Create appropriately placed test file.
Prepare code for testing your bot.
Add documentation for your bot.
Add changelog and news info.

Layout Rules

intelmq/
  lib/
    bot.py
    cache.py
    message.py
    pipeline.py
    utils.py
  bots/
    collector/
      <bot name>/
            collector.py
    parser/
      <bot name>/
            parser.py
    expert/
      <bot name>/
            expert.py
    output/
      <bot name>/
            output.py
  etc/
    runtime.yaml

Assuming you want to create a bot for a new 'Abuse.ch' feed. It turns out that here it is necessary to create different parsers for the respective kind of events (e.g. malicious URLs). Therefore, the usual hierarchy intelmq/bots/parser/<FEED>/parser.py would not be suitable because it is necessary to have more parsers for each Abuse.ch Feed. The solution is to use the same hierarchy with an additional "description" in the file name, separated by underscore. Also see the section Directories and Files naming.

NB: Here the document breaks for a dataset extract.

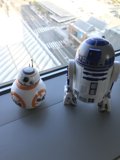 Toy Robots Take Over The Broad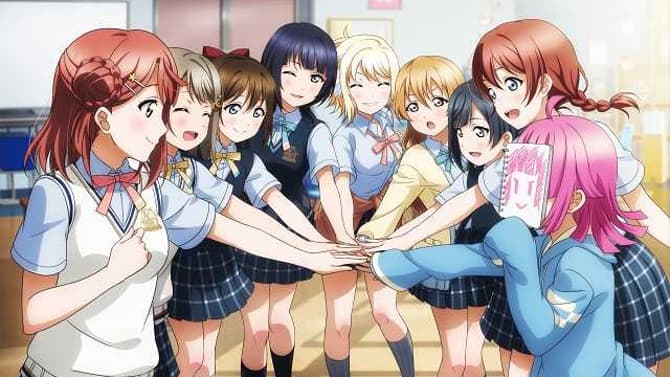 LOVE LIVE! NIJIGASAKI HIGH SCHOOL IDOL CLUB Adds Three Characters To The Group Ahead Of 2022's Second Season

Example (including the current ones):

/intelmq/bots/parser/abusech/parser_domain.py
/intelmq/bots/parser/abusech/parser_ip.py
/intelmq/bots/parser/abusech/parser_ransomware.py
/intelmq/bots/parser/abusech/parser_malicious_url.py

Directories Hierarchy on Default Installation

Configuration Files Path: /opt/intelmq/etc/
PID Files Path: /opt/intelmq/var/run/
Logs Files and dumps Path: /opt/intelmq/var/log/
Additional Bot Files Path, e.g. templates or databases: /opt/intelmq/var/lib/bots/[bot-name]/

Directories and Files naming

Any directory and file of IntelMQ has to follow the Directories and Files naming. Any file name or folder name has to:

be represented with lowercase and in case of the name has multiple words, the spaces between them must be removed or replaced by underscores
be self-explaining what the content contains.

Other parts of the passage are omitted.